Problem to solve
With pictures left out, retype the lines from the start of the records through the one that contains "Honey Dust - Tropical Mango - 6 Oz / 170 G".

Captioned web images

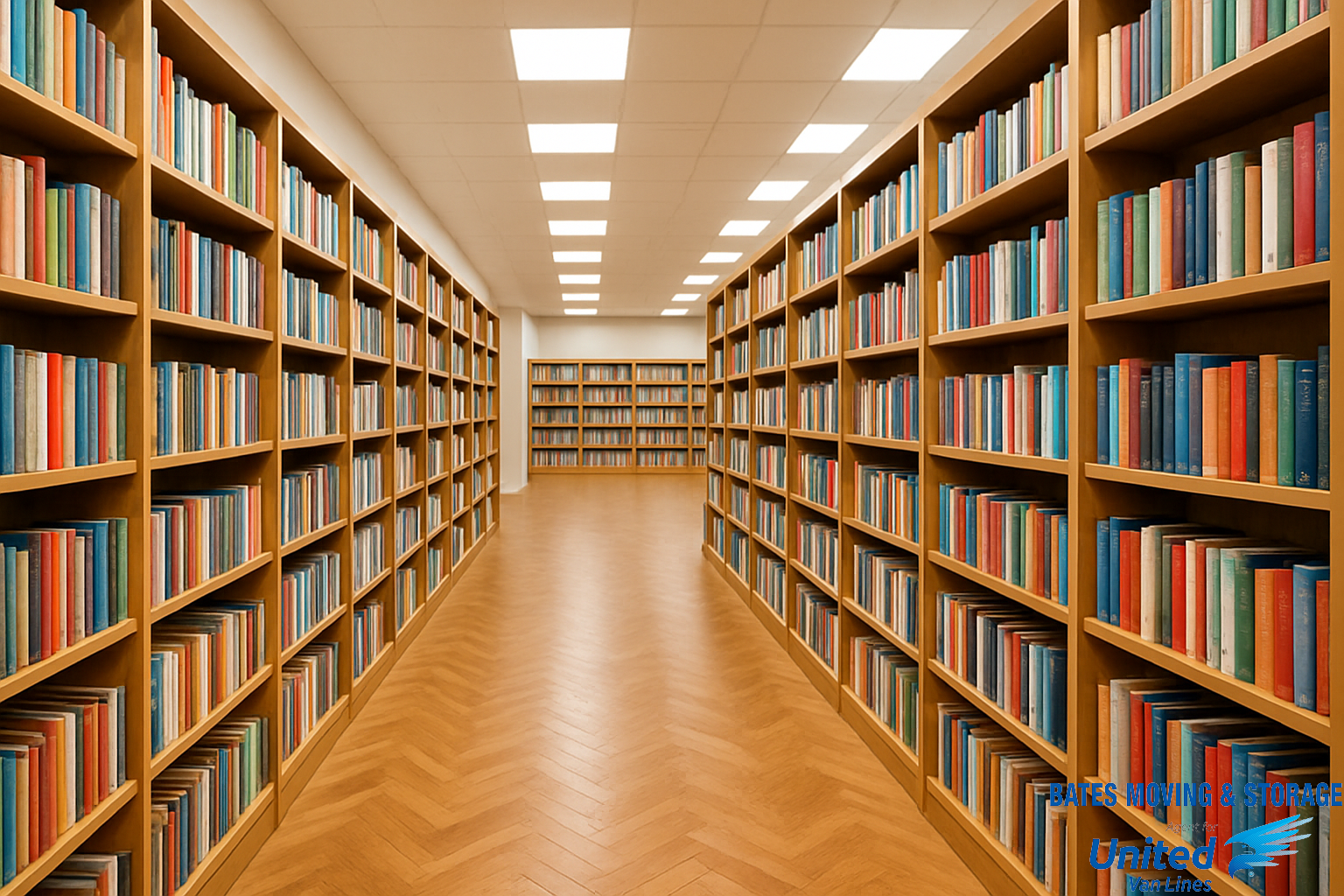 Library Moving Companies in Lewes Delaware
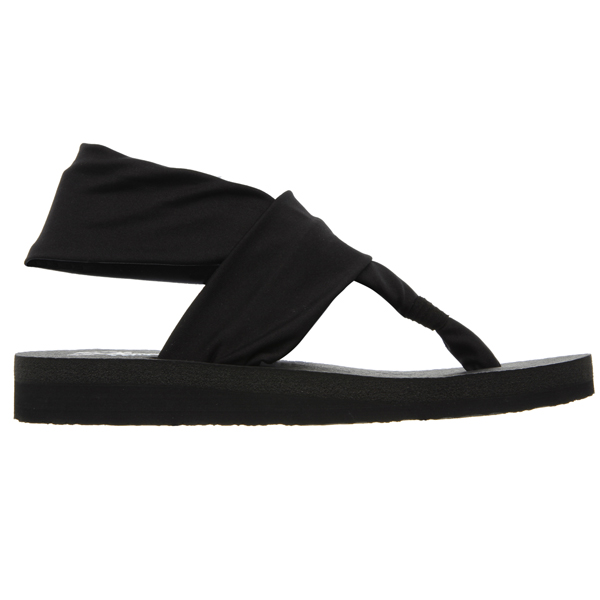 Skechers Women Meditation - Interweave Black/Multi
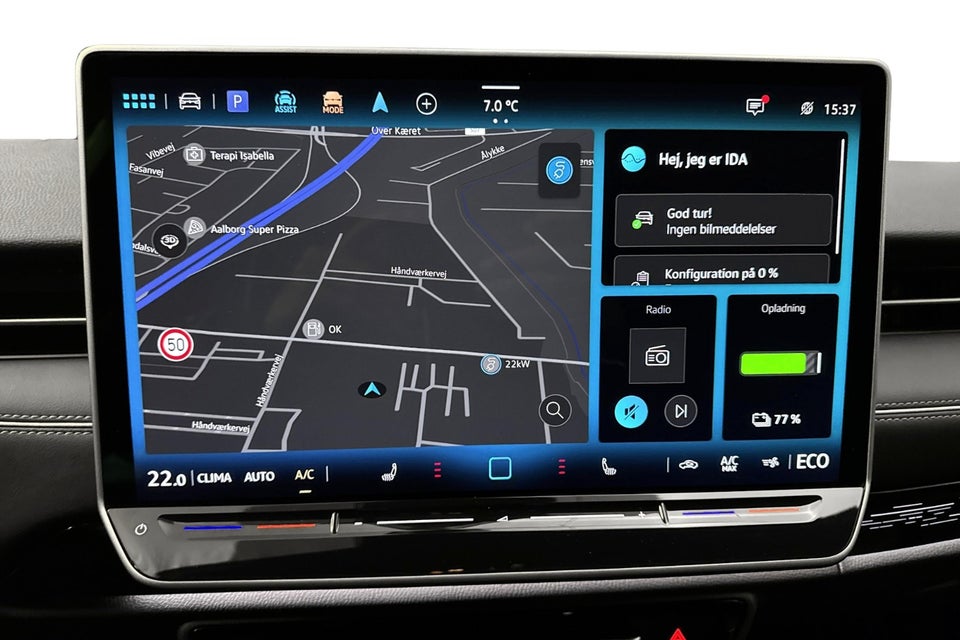 VW ID.7 86 Style S+ Tourer 5d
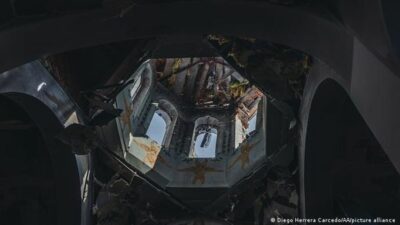 На Київщині окупанти пошкодили церкву Різдва Пресвятої Богородиці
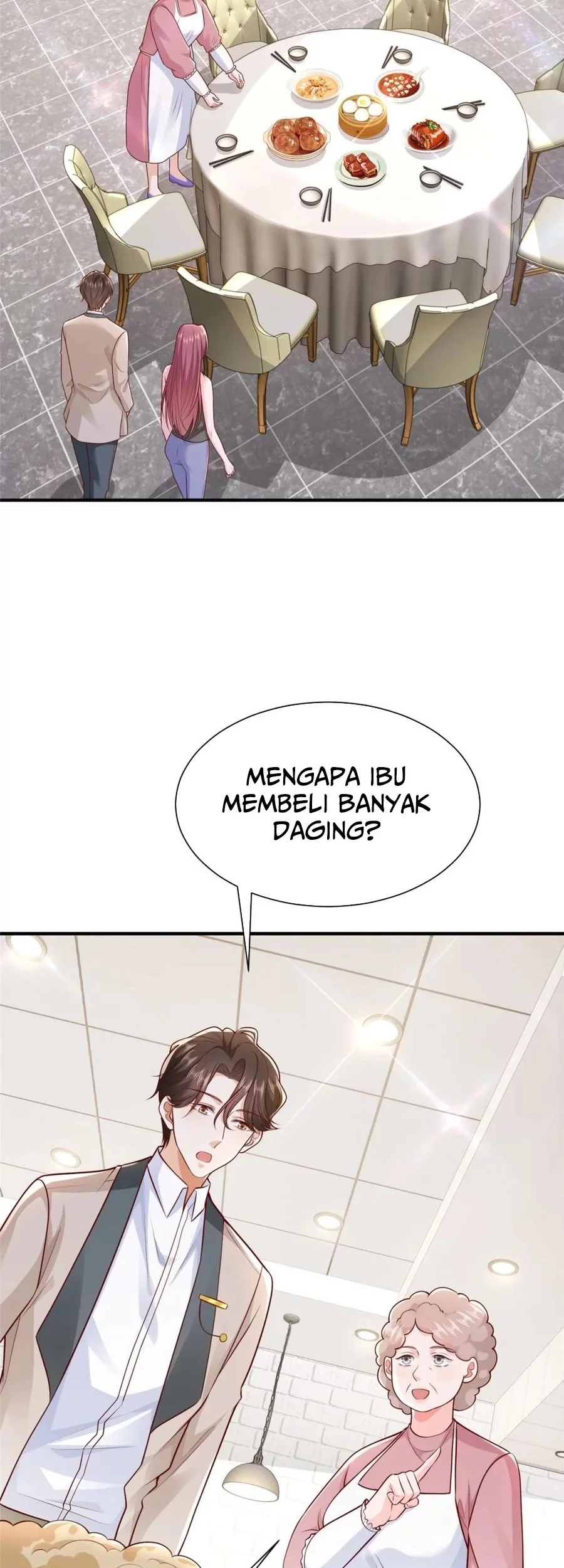 I Randomly Have A New Career Every Week Chapter 681 - halaman 4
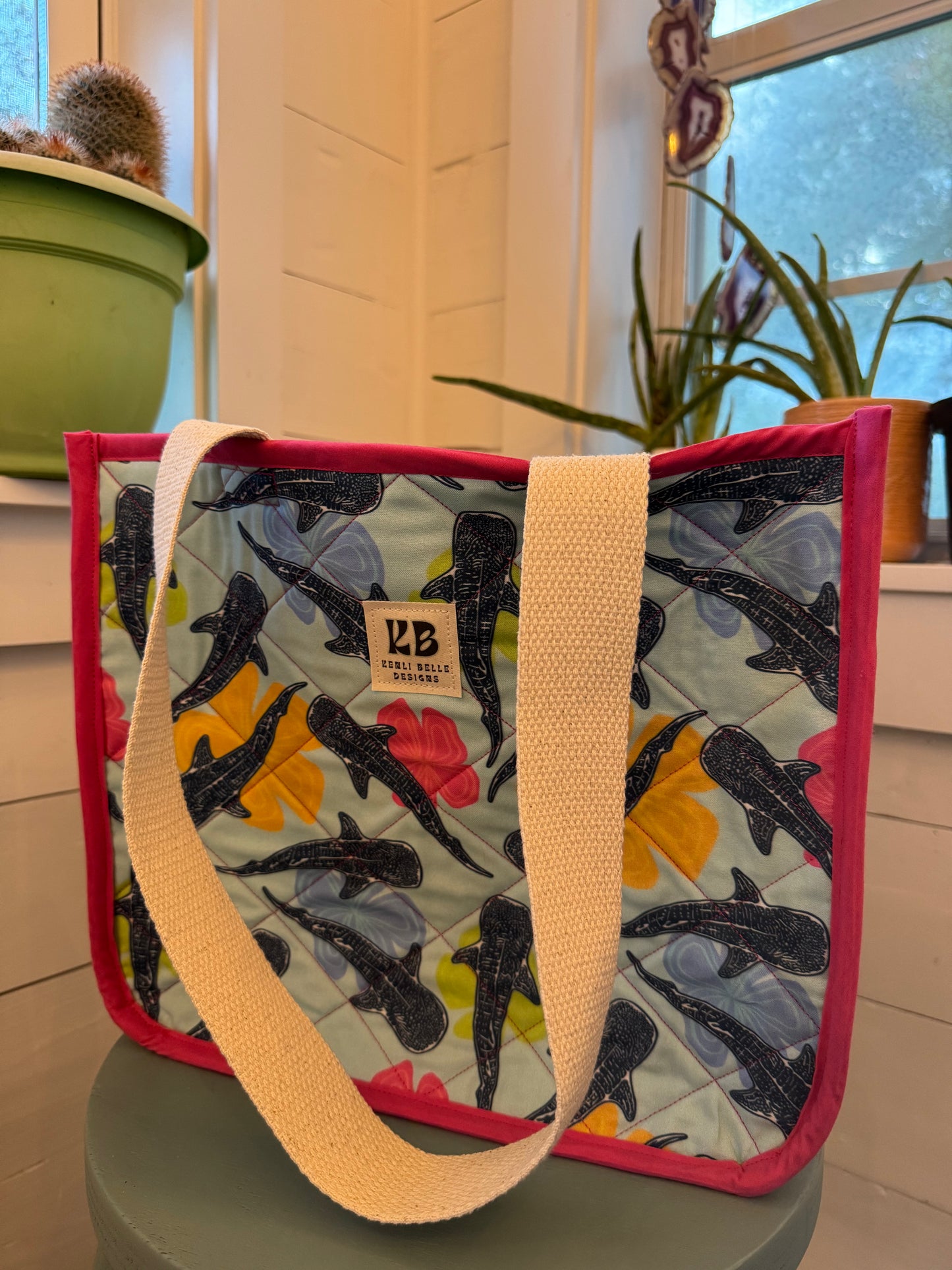 Elmina's Tote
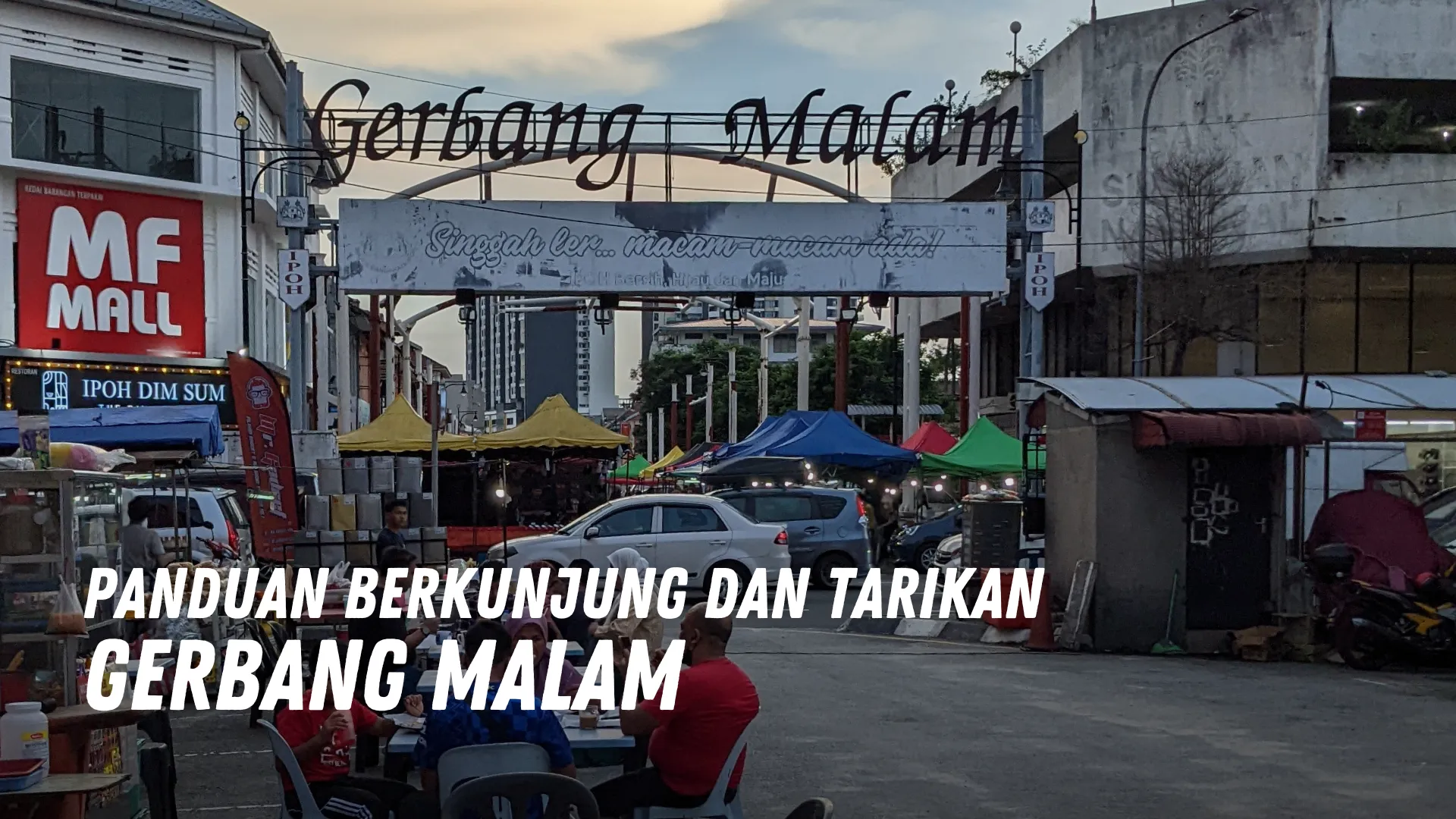 Review Gerbang Malam Malaysia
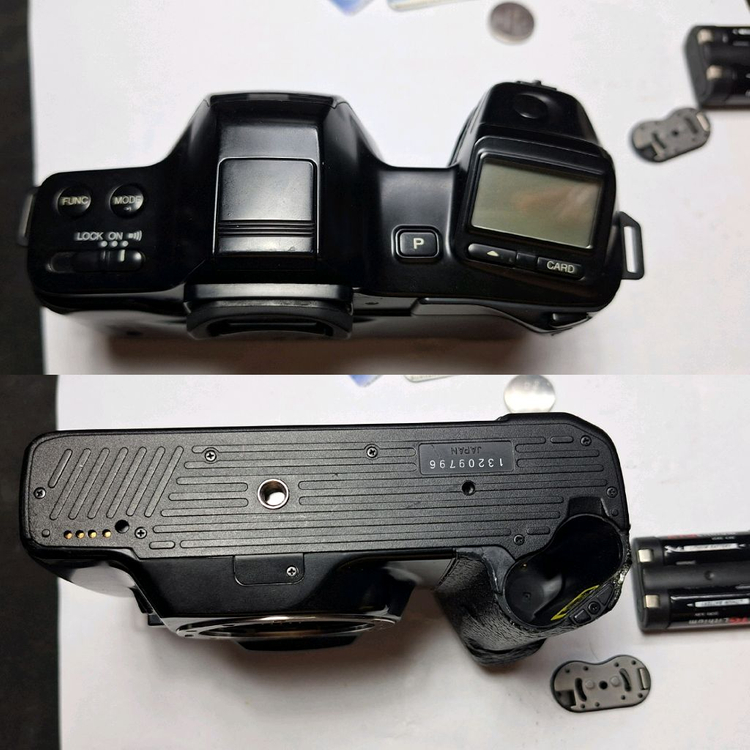 미놀타 a7700i+망원렌즈 75-300mm 필름카메라/빈티지 레트로 로모 앤틱 y2k 일본 감성 필카 촬영 사진--7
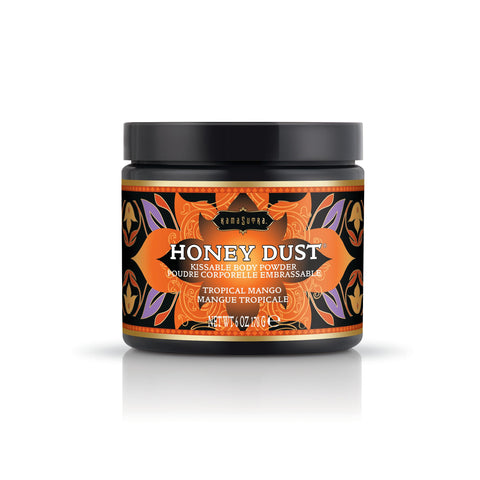 Honey Dust - Tropical Mango - 6 Oz / 170 G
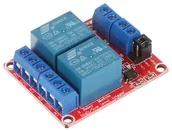 Akcesoria do monitoringu - Moduł przekaźnikowy PK-552 - miniaturka - grafika 1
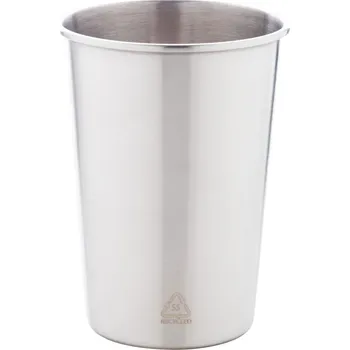 Redisha Mono hrnek z recyklované nerezové oceli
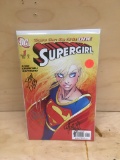 Supergirl #1 signed by Loeb, Churchill & Michael Turner!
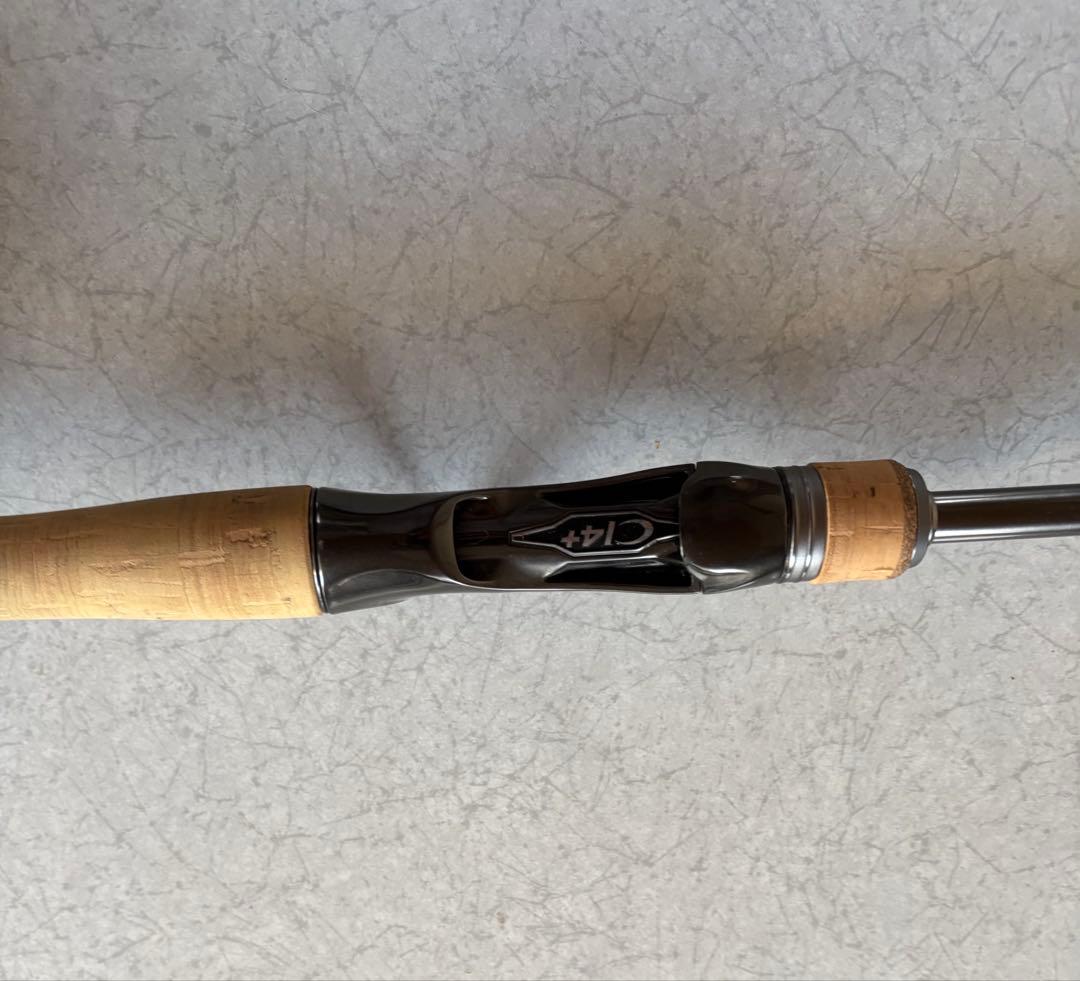 シマノ　22バンタム168L+BFS/2 ケース付き bantam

Solution to this problem
 Library Moving Companies in Lewes Delaware
 Skechers Women Meditation - Interweave Black/Multi
 VW ID.7 86 Style S+ Tourer 5d
 На Київщині окупанти пошкодили церкву Різдва Пресвятої Богородиці
 I Randomly Have A New Career Every Week Chapter 681 - halaman 4
 Elmina's Tote
 Review Gerbang Malam Malaysia
 미놀타 a7700i+망원렌즈 75-300mm 필름카메라/빈티지 레트로 로모 앤틱 y2k 일본 감성 필카 촬영 사진--7
 Honey Dust - Tropical Mango - 6 Oz / 170 G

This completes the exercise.